» Task prompt:
Reproduce exactly, and only, the lines below from the one containing "170 Roosevelt Drive" through the one containing "Building Photo - 95 Bradford Ave".

START Excerpted records

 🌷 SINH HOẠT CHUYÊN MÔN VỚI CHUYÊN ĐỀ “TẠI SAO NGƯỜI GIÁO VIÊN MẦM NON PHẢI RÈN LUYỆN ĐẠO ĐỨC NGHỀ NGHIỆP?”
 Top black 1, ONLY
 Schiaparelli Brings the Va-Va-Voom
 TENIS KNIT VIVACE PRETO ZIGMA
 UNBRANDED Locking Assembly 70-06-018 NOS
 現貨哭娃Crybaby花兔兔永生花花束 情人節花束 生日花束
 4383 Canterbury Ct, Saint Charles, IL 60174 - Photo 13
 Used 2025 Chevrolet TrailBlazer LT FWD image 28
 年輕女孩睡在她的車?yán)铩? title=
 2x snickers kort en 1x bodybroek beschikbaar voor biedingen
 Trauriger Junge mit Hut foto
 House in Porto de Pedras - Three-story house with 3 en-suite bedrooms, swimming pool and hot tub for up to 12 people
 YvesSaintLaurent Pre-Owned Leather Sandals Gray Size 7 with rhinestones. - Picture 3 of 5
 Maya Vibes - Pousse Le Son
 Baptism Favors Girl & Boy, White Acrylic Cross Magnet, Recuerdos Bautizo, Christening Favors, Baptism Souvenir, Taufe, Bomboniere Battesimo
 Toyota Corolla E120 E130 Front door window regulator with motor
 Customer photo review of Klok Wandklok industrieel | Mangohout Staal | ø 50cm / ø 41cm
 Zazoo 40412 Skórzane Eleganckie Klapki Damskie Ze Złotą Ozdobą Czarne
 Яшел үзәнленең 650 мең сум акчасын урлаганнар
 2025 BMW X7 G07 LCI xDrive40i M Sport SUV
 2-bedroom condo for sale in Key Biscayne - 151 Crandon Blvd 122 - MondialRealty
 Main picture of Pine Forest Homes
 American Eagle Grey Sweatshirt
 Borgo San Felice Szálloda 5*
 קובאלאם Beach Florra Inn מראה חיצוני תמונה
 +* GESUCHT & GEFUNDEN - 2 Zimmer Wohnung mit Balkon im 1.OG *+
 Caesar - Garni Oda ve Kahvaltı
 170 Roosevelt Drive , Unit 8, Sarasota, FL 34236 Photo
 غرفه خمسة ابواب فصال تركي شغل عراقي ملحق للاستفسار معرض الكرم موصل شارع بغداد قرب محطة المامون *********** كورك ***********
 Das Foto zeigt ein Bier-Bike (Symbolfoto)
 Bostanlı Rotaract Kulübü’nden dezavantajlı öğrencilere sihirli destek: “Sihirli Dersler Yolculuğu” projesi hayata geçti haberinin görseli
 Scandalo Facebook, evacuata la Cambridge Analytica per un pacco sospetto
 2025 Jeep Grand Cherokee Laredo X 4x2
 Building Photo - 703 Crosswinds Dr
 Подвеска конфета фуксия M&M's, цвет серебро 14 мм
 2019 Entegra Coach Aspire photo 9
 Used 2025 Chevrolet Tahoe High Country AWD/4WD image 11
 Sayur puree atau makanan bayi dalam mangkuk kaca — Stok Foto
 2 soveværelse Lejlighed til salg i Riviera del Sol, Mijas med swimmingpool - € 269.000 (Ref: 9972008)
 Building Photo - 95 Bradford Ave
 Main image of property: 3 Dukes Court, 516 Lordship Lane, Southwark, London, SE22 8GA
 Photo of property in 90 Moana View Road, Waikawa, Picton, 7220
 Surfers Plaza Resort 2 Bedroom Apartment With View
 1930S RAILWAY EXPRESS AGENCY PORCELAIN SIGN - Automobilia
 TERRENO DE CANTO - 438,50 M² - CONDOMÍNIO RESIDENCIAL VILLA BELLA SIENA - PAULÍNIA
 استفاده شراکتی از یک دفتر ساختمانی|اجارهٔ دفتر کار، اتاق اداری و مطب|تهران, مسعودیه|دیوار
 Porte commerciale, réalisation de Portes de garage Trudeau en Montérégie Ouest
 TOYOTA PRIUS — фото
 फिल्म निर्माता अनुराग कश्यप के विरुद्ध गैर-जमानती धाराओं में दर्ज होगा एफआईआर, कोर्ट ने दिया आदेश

END Excerpted records

» Expected output:
 170 Roosevelt Drive , Unit 8, Sarasota, FL 34236 Photo
 غرفه خمسة ابواب فصال تركي شغل عراقي ملحق للاستفسار معرض الكرم موصل شارع بغداد قرب محطة المامون *********** كورك ***********
 Das Foto zeigt ein Bier-Bike (Symbolfoto)
 Bostanlı Rotaract Kulübü’nden dezavantajlı öğrencilere sihirli destek: “Sihirli Dersler Yolculuğu” projesi hayata geçti haberinin görseli
 Scandalo Facebook, evacuata la Cambridge Analytica per un pacco sospetto
 2025 Jeep Grand Cherokee Laredo X 4x2
 Building Photo - 703 Crosswinds Dr
 Подвеска конфета фуксия M&M's, цвет серебро 14 мм
 2019 Entegra Coach Aspire photo 9
 Used 2025 Chevrolet Tahoe High Country AWD/4WD image 11
 Sayur puree atau makanan bayi dalam mangkuk kaca — Stok Foto
 2 soveværelse Lejlighed til salg i Riviera del Sol, Mijas med swimmingpool - € 269.000 (Ref: 9972008)
 Building Photo - 95 Bradford Ave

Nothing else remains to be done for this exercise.